Central planning, never out of fashion on the left, is now more popular than ever on the right thanks to the GOP’s populist takeover. Therefore, the repeated attempt to intervene in the credit card processing market finds greater support in the fresh Congress than in the previous one.

Interchange fees are charged by payment networks such as Visa and Mastercard every time you employ a credit card. The fees collected go to both the credit card service and the card issuer. Card issuers must maintain and improve payment networks, protect data, fight fraud and bear the risk of debtor insolvency. Fees support cover all this.

Some merchants who benefit from accepting credit cards as a means of payment – namely attracting customers who prefer this convenience – have decided they do not want to incur these costs. As is often the case with special interests, they asked Washington to intervene on their behalf. Of course, they and their supporters claim that this will benefit society because their savings will supposedly be passed on to consumers in the form of lower prices.

This is how we got the Durbin Amendment, part of the 2010 Dodd-Frank Act. This price control measure confined the fees debit cards could charge. Since then, Senator Dick Durbin of Illinois has wanted to expand the idea to credit cards. So far this has not happened.

Enter the Credit Card Competition Act sponsored by Senator Durbin. It’s an attempt to lower credit card fees in a slightly different way: Instead of directly controlling prices, it would amend the Electronic Funds Transfer Act to force the Federal Reserve to require banks to add at least one additional payment network to their payments. cards. Supporters – including a handful of Republicans, such as Ohio’s freshman senator and populist conservative J.D. Vance – argue that the additional competition requirement will lead to lower costs for sellers and, ultimately, consumers.

However, there is no reason to believe this, and very good reason to fear that harmful, unintended consequences will arise. This is not idle speculation; We’ve already seen this happen with debit cards. After the Durbin Amendment was passed, a study by the Federal Reserve Bank of Richmond found that almost no savings were passed on to consumers despite retailers cutting fees by $145 billion.

The Durbin Amendment did not support customers and appears to have harmed them. This has led to the widespread elimination of debit card rewards programs and fewer banks offering free checking accounts. The number of people without a bank account increased by approximately 1 million people. Some of this is likely to happen again if more central planning for credit cards is adopted.

No wonder it’s not just about petite businesses. These efforts are mainly supported by Walmart and Target, which stand to gain billions of dollars in additional revenue. Higher revenues for huge box stores are not a problem in themselves, as long as they are the result of better customer service. However, this government-induced enhance in vast corporate profits would occur as a result of reduced bank revenues and the consequent removal of card networks favored by some consumers, further reducing competitive differences between card products and popular credit card rewards programs.

As explained by The Points Guy, a popular website devoted to consumer credit cards and travel benefits, “if this bill becomes law, it could radically change the rewards ecosystem.
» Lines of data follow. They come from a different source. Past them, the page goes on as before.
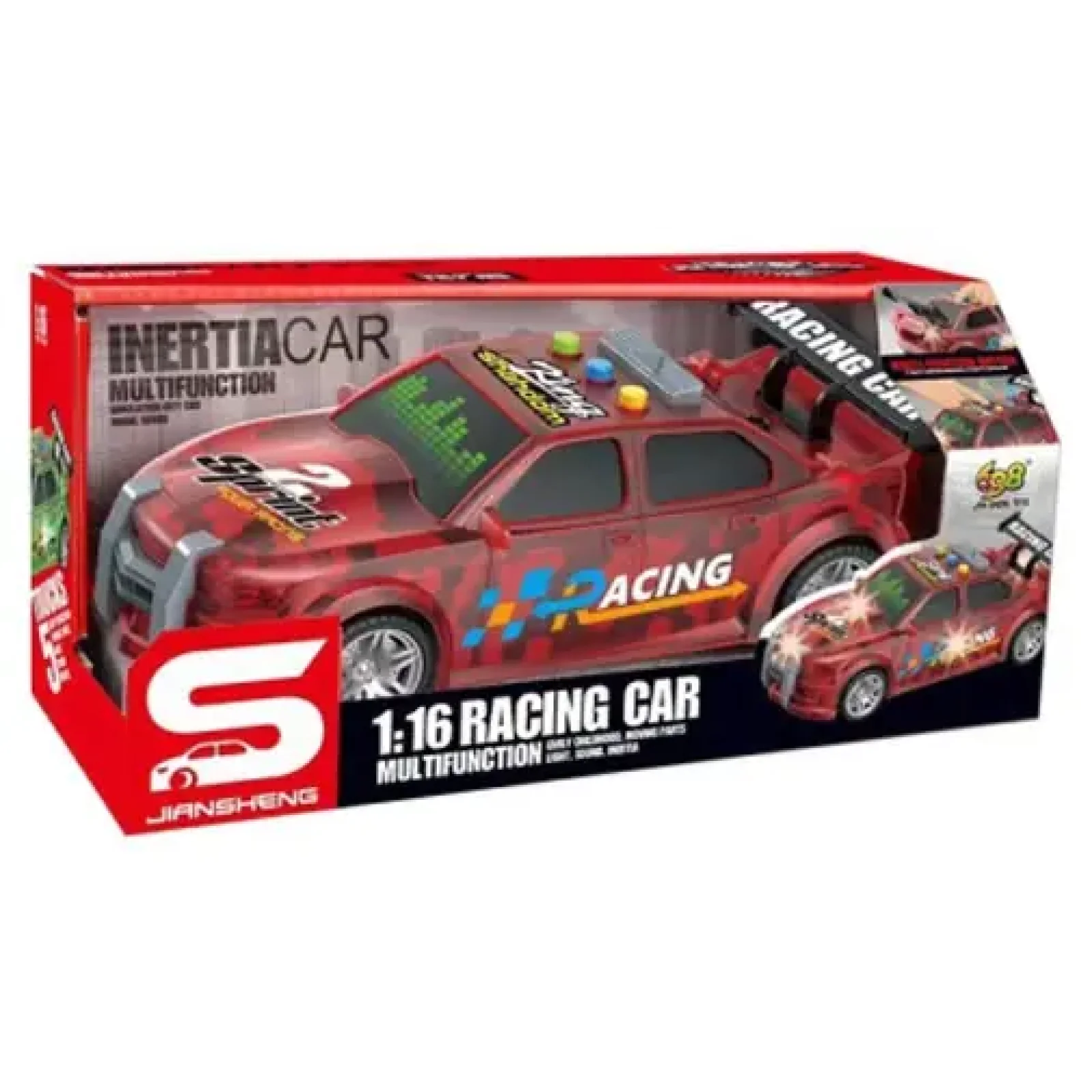 Іграшка CARS S Поліцейська машина червона 1:16 (інерція, звук, корпус світиться, багажник відкривається) UA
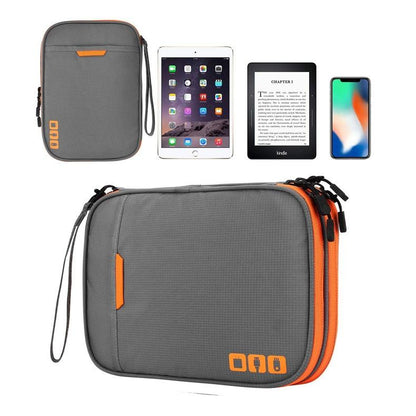 Portable Multi-functional Headphone Charger and Data Cable Storage Bag with Power Pack - 24 x 12 x 5cm - Black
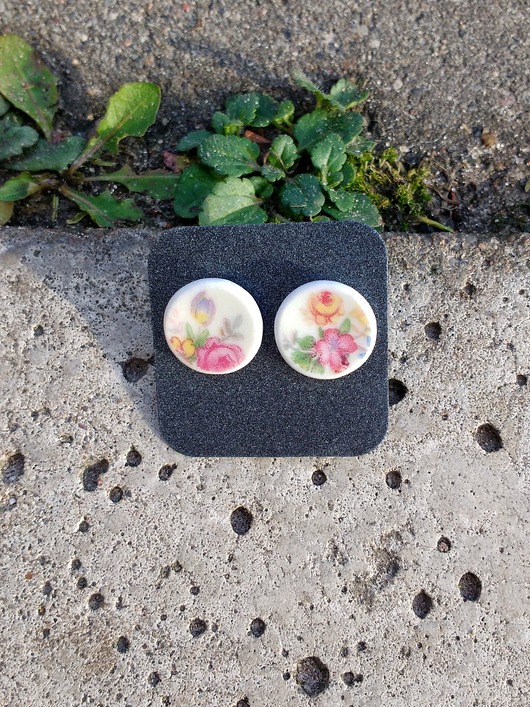 Kolczyki ceramiczne w kwiaty biżuteria z talerzy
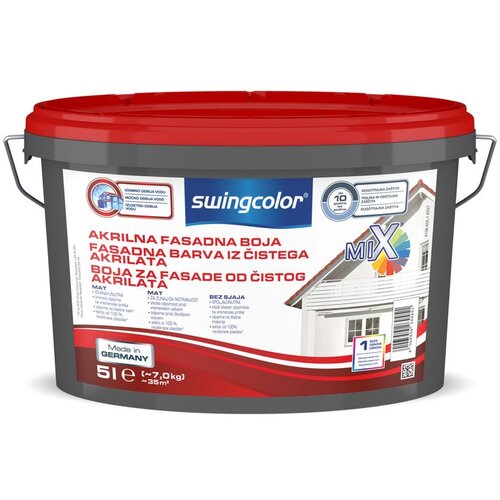 SWINGCOLOR Fasadna barva iz čistega akrilata (barva: bela, 5 l, mat) Cene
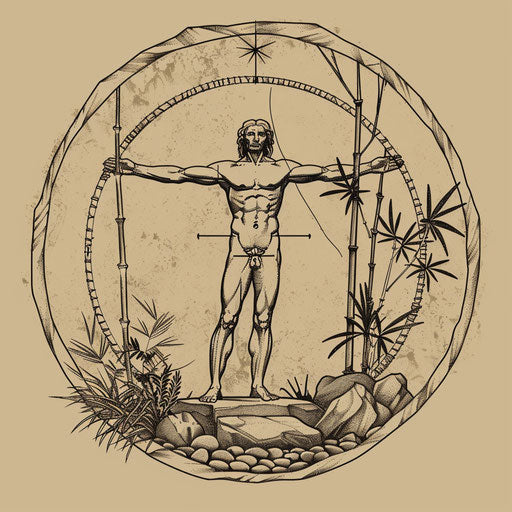 Vitruvian Man in Zen Garden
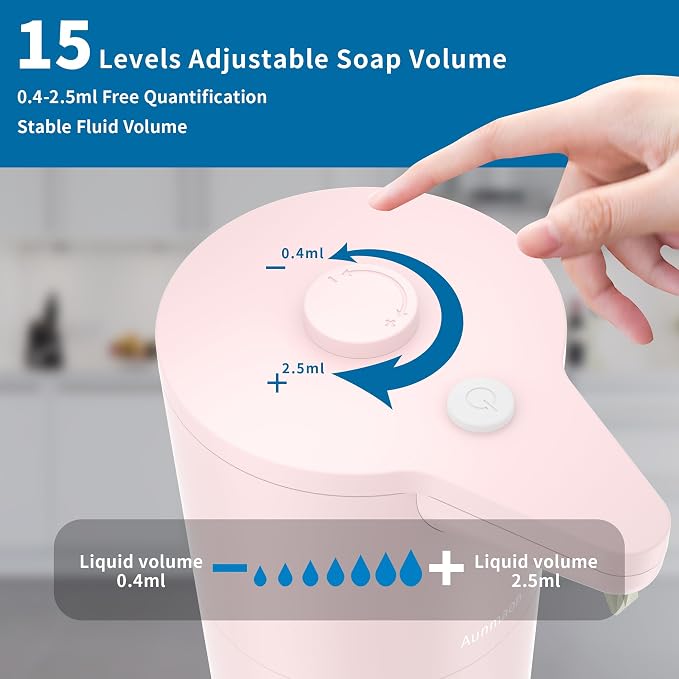 Aunmaon Automatic Touchless Soap Dispenser, Adjustable Volume - Image 2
This may impact your ability to earn (and redeem) points and miles for travel or earning money on your back, which could offset some of your everyday expenses.”

This is also an example of the outrage that theater politicians inflict on us. Think how strange it is that Vance agreed to Target’s offer after declaring he would no longer shop there due to the company’s revival program. While it’s fun to expose inconsistencies on the part of legislators, what worries me is that fewer and fewer people are upholding this economic basis:

Central planning fails because it would require the mind of God to succeed, and yet planners are human. Even if they were not susceptible to corruption, they would never obtain enough information to outperform the market, which consists of countless pieces of detailed knowledge of consumers and sellers signaled through prices. Interfering with the market process, whether through direct or indirect price control, inevitably produces unintended consequences.

Left to its own devices, the market has found a balance between card issuers and merchants. Politicians who interfere to favor one side or the other will, as usual, cause unpleasant surprises.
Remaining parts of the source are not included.